[Information shown Boundary: Start]

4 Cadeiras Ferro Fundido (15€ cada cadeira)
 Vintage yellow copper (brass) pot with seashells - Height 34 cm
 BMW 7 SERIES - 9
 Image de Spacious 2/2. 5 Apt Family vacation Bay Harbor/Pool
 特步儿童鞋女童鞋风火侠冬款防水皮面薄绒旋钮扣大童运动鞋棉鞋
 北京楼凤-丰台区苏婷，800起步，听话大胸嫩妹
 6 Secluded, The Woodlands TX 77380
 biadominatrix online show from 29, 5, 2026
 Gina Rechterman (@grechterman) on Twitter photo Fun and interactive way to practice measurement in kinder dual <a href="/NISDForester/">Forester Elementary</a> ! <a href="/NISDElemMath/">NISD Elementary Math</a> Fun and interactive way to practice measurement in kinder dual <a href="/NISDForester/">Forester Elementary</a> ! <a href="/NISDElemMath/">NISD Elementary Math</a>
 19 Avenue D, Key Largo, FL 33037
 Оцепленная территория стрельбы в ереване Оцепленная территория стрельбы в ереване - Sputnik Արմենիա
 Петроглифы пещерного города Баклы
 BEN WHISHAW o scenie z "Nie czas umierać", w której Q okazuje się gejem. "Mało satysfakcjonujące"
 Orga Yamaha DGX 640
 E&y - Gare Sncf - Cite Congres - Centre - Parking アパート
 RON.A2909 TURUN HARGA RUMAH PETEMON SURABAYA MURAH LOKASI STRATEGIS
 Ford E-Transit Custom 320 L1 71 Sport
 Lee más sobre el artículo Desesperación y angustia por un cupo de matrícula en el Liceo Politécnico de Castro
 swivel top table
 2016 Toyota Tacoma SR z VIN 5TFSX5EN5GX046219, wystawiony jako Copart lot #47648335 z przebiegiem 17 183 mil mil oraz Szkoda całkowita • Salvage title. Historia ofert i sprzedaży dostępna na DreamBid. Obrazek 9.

[Information shown Boundary: End]

* [What you should do]:
Look for the line with "Ford E-Transit Custom 320 L1 71 Sport" in the records above. Repeat it and each line after it exactly.

* [Answer box]:
 Ford E-Transit Custom 320 L1 71 Sport
 Lee más sobre el artículo Desesperación y angustia por un cupo de matrícula en el Liceo Politécnico de Castro
 swivel top table
 2016 Toyota Tacoma SR z VIN 5TFSX5EN5GX046219, wystawiony jako Copart lot #47648335 z przebiegiem 17 183 mil mil oraz Szkoda całkowita • Salvage title. Historia ofert i sprzedaży dostępna na DreamBid. Obrazek 9.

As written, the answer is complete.